Each record is useful when read for the question it actually answers. The corporate notice answers whether the named legal company remained on the register at that point. The Department's licensee list answers whether a current authorization under that name is visible. APNIC answers who holds and maintains the number resources. RIPEstat answers what public collectors observed in routing. PeeringDB shows what the operator chose to disclose about interconnection. None can stand in for all the others.

The present-tense regional-ISP thesis fails because the positive operating bridge is missing. There is no current licence, route, customer offer, subscriber evidence, access map, workforce or measured service. The old title's reference to a local connectivity bill would assume a current billed customer. The evidence does not permit that assumption.

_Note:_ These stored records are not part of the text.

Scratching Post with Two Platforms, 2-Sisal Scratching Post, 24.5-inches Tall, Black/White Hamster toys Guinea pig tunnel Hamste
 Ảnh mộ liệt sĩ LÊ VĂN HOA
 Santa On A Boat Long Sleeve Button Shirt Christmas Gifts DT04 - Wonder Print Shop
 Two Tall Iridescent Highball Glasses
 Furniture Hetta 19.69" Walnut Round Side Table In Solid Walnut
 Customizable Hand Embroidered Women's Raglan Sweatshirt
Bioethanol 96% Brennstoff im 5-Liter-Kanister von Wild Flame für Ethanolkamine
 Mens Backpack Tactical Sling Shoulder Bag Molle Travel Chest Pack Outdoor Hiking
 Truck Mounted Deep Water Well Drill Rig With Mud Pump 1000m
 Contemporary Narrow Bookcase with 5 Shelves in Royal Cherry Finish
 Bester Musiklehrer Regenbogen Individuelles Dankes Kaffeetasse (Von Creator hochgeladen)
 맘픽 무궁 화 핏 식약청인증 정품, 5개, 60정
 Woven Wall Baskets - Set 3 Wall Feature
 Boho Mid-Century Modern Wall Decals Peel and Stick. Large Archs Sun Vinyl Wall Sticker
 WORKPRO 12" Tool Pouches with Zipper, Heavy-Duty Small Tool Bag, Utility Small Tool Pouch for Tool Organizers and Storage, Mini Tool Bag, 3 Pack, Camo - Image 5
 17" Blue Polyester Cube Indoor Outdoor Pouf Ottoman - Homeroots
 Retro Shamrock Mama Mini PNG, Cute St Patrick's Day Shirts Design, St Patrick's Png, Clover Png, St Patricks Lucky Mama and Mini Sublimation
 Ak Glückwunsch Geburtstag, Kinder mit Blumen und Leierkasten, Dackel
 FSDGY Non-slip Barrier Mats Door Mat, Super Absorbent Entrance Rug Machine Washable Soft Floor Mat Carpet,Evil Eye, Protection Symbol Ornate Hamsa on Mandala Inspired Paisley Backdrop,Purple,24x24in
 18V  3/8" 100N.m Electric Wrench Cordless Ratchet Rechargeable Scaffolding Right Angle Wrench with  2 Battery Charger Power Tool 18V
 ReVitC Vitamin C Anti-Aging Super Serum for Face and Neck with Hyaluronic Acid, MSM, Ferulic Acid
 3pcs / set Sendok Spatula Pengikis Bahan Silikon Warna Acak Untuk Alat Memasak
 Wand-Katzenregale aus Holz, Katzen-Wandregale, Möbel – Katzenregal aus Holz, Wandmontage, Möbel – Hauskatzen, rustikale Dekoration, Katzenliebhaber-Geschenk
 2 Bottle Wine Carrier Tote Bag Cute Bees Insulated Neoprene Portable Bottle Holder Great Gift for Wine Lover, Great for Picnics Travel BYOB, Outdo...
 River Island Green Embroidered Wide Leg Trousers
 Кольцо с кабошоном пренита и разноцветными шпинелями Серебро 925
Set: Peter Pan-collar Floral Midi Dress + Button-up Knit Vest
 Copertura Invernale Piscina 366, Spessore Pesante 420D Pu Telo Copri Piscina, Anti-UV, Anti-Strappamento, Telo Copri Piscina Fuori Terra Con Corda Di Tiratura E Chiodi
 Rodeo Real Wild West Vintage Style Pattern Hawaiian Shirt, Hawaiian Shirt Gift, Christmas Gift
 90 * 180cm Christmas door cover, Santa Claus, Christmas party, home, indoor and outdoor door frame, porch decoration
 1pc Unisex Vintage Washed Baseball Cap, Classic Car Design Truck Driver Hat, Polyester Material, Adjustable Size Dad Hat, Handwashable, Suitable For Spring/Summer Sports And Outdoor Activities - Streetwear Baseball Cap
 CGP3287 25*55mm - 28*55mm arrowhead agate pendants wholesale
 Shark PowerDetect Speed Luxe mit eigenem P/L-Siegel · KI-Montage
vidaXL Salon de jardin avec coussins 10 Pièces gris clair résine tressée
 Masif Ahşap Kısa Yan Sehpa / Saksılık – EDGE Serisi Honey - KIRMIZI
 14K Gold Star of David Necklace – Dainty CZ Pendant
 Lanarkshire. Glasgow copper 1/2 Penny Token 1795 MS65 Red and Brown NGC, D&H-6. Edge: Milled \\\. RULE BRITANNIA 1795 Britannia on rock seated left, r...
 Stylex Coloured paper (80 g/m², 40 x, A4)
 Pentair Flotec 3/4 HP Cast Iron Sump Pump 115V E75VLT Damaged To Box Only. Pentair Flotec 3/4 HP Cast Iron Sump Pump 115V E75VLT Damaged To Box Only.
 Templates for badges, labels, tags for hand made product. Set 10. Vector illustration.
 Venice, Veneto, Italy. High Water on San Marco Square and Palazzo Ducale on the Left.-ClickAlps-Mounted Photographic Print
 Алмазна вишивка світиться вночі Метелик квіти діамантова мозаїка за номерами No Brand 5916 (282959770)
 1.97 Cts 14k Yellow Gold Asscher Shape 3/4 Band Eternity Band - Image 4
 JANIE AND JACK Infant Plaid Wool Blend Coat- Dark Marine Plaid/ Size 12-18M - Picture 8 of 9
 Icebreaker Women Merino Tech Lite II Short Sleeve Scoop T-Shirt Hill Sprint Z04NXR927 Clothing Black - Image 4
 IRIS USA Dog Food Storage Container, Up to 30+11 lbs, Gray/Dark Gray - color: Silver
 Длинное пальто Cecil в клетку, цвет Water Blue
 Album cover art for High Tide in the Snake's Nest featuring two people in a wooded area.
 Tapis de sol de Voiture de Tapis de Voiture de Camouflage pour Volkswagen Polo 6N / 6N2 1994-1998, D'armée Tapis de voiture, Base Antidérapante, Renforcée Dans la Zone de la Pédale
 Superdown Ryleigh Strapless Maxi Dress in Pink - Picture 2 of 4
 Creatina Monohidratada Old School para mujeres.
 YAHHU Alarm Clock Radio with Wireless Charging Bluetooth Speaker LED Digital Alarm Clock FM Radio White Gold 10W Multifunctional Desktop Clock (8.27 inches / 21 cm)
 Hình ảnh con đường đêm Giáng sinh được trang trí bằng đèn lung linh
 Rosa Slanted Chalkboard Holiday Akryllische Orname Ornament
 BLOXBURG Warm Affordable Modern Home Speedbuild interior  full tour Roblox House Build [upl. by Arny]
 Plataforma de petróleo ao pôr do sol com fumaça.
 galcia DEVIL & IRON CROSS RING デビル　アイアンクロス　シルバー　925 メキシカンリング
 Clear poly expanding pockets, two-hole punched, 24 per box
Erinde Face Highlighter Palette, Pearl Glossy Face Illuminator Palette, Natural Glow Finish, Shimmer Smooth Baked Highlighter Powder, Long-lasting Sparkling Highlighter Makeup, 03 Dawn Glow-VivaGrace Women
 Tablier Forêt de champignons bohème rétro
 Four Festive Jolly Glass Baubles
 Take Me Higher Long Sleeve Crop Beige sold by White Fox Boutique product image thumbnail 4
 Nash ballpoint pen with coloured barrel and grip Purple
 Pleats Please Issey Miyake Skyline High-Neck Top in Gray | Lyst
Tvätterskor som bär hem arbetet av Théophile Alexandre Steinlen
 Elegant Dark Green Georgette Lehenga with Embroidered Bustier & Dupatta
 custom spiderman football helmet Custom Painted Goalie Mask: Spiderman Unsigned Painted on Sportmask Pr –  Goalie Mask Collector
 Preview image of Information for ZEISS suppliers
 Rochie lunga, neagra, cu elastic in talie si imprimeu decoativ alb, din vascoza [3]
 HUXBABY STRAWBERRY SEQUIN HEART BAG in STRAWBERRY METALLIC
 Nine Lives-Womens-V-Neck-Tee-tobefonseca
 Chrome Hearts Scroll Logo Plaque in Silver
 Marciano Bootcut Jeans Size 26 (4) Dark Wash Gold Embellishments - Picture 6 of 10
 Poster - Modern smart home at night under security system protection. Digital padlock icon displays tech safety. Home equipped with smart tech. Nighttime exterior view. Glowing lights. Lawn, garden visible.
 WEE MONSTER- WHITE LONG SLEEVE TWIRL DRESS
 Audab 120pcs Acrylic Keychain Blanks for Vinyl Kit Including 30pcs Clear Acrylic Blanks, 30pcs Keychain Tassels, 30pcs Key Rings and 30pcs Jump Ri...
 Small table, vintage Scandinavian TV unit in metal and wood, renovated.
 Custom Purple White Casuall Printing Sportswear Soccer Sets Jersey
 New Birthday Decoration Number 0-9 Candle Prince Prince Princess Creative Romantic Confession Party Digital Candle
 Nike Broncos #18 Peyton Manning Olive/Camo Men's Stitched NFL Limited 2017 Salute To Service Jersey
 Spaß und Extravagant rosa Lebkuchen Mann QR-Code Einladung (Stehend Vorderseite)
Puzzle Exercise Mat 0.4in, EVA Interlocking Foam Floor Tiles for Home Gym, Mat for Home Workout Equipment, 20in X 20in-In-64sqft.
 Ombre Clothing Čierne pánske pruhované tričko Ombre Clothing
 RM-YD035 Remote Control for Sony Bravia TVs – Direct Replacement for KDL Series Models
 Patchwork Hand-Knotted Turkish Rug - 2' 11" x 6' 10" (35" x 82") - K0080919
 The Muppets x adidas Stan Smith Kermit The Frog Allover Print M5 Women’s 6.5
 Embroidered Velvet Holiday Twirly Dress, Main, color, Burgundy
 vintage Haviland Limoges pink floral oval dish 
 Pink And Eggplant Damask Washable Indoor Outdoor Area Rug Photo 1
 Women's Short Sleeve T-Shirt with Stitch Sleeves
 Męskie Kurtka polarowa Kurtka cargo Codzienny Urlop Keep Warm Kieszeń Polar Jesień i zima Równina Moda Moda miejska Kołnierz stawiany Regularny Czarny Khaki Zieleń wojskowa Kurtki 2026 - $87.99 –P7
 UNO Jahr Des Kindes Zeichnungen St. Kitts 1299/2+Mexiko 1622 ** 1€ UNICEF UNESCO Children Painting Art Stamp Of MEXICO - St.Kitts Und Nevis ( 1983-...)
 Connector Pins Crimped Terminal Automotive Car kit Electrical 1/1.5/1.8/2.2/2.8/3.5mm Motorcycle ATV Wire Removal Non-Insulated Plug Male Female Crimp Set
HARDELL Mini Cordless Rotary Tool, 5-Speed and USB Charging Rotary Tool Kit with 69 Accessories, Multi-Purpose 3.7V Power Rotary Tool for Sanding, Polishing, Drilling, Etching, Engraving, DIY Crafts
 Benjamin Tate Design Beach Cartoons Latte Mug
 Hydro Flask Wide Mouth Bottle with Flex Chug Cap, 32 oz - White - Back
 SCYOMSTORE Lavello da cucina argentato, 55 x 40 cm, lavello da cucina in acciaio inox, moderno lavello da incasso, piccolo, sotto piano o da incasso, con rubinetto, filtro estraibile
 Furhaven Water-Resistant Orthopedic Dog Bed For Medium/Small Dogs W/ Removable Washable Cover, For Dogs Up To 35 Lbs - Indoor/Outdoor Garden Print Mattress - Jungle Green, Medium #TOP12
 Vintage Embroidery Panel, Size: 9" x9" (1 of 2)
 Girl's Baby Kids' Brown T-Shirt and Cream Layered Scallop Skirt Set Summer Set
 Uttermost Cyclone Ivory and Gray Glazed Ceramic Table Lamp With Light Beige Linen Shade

The better title follows the chronology. Air Zone Internet's corporate record ended before AS134852's routes did. That statement is specific, verifiable and useful. It leaves room for the possibility that assets or customers moved without inventing who received them. It also explains why the directory entity can remain worth monitoring even when it should not be presented as a current operator.

The final network evidence grade is Negative for current regional-ISP operation. It is Medium for the historical route and resource account: the corporate action, ASN, allocation, Delhi contacts, route dates, final visible upstream and later Excitel origin are supported by strong public records. The grade remains below Strong because the naming mismatch, post-dissolution operating authority, access plant, customer population, contracts and reason for withdrawal are unresolved.

For a customer, the practical lesson is simple. A familiar provider name, an active address registration and an old ASN page do not guarantee that service can be ordered or repaired. For a network operator, the case shows why corporate authority, licensing, resource registration, route origin and field responsibility need to remain aligned. AirZone's public footprint preserves the pieces. It does not show that anyone has put them back together.